Wakil Ketua Komisi III DPRD Hamam Cahyadi ST mengungkapkan hal tersebut, beberapa waktu lalu, di ruang kerjanya. Selama tiga tahun terakhir ada beberapa kasus keterlambatan penyelesaian pekerjaan yang dilaksanakan oleh pihak ketiga. Meski sudah diberikan perpanjangan waktu pun, yang bersangkutan tidak bisa menyelesaikan pekerjaan sampai akhir tahun. Bahkan ada yang sampai dilakukan putus kontrak, katanya.

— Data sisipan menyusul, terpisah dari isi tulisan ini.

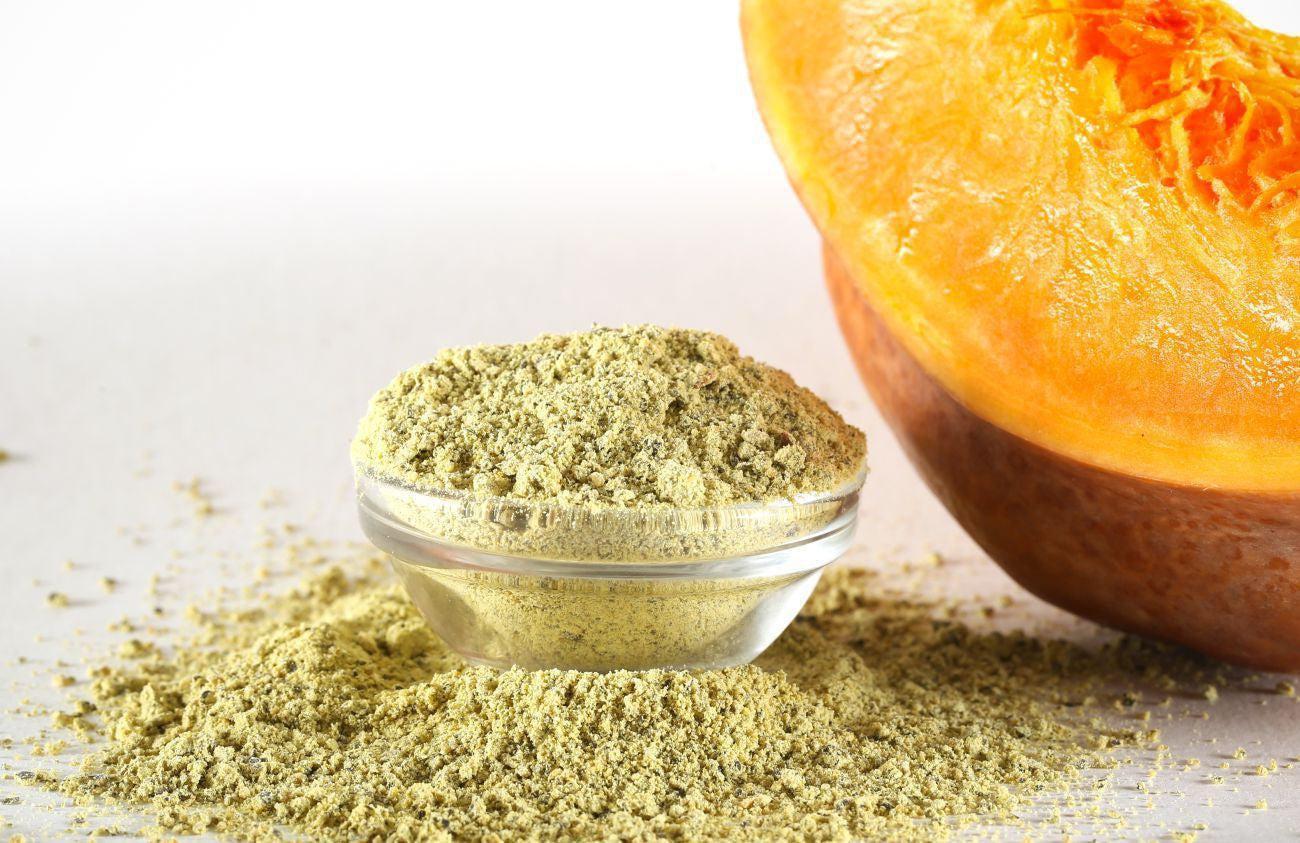 This is a picture of fresh pumpkin with a glass bowl of pumpkin protein powder on a white background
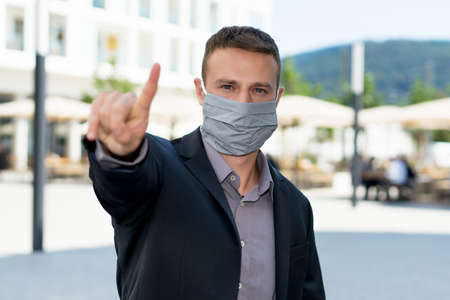 Businessman man with face mask as protection against corona virus infection gesturing stop outdoor...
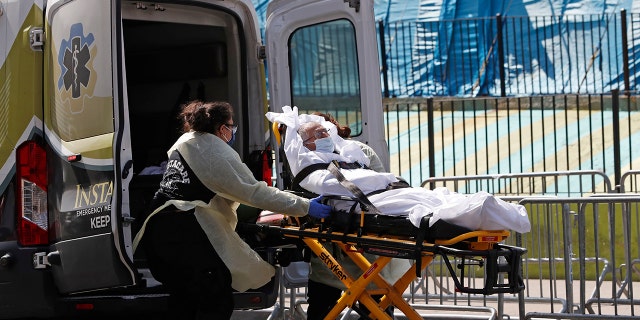 A patient is transferred from Elmhurst Hospital Center to a waiting ambulance during the current coronavirus outbreak, Tuesday, April 7, 2020, in New York. (AP Photo/Kathy Willens)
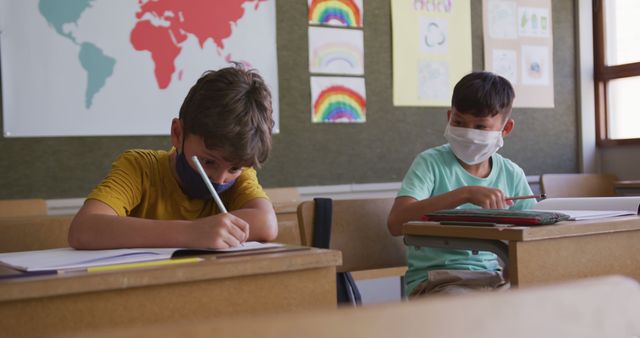 Happy diverse boys in facemasks sitting at desks and writing. School, learning, childhood, education, unaltered, health, hygiene, coronavirus.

“Kejadian ini sangat memprihatinkan. Sepertinya rekanan meremehkan proses dan waktu penyelesaian pekerjaan. Mereka menganggap bahwa yang penting pekerjaan selesai dan dapat uang. Waktu penyelesaian dianggap bukan masalah. Ini preseden buruk bagi pembangunan daerah,” tandas politisi PKS tersebut.
Oleh karenanya, lanjut Hamam, Komisi III akan memberikan rekomendasi perlunya disusun Peraturan Daerah (Perda) yang mengatur adanya jaminan progres bagi rekanan yang terlambat dalam menyelesaikan pekerjaan. Dalam Perda tersebut diatur kewajiban rekanan yang penyelesaian pekerjaannya terlambat untuk menyerahkan jaminan uang dalam jumlah yang proporsional dengan nilai pekerjaan. Jaminan itu bisa diserahkan ke bank yang ditunjuk, paparnya.
Jaminan progres, terang Hamam, bisa menjadi solusi dari kemungkinan adanya keterlambatan penyelesaian pekerjaan. Sebab, kata dia, aturan yang menjadi acuan dalam proses pengadaan barang dan jasa pemerintah, yakni Perpres nomor 70 tahun 2012 tidak mengatur hal itu. Perpres hanya mengatur tentang penyelesaian pekerjaan berdasarkan waktu kontrak, dan tidak mengharuskan pekerjaan diselesaikan di tahun anggaran.
“Bagi anggaran daerah ini sangat riskan. Karena sebuah pekerjaan, bila terlambat, asal sesuai kontrak bisa diselesaikan tahun berikutnya. Sanksi bagi rekanan juga sangat ringan. Hanya denda satu permil per hari dari nilai kontrak. Bila terjadi putus kontrak pemkab harus menganggarkan lagi pada Perubahan APBD tahun berikutnya. Lebih beresiko lagi kalau pemborongnya ‘lari’ dan tidak menyelesaikan pekerjaannya,” tukas Hamam.
Bila ada kewajiban menyerahkan jaminan progres, lanjut Hamam, maka dapat mendorong rekanan untuk menyelesaikan pekerjaan sesuai dengan waktu yang ditentukan. Sebab rekanan akan merasa rugi bila tidak menyelesaikan pekerjaan tepat waktu.
“Ini juga bisa menjadi rambu-rambu bagi rekanan. Bila merasa keberatan dengan persyaratan yang ada, ya tidak usah mengajukan penawaran. Selama ini pemenang tender hanya berdasar pada nilai penawaran terendah. Namun kemampuan keuangan dan sarana pendukung lain kurang bisa terpantau. Sehingga sering terjadi kekurangsiapan rekanan dalam melaksanakan pekerjaan. Sangat tidak masuk akal bila ada rekanan yang terlambat menyelesaikan pekerjaannya karena alasan kekurangan tenaga kerja. Itu kan bisa diperhitungkan saat akan memulai pekerjaan,” ujar Hamam.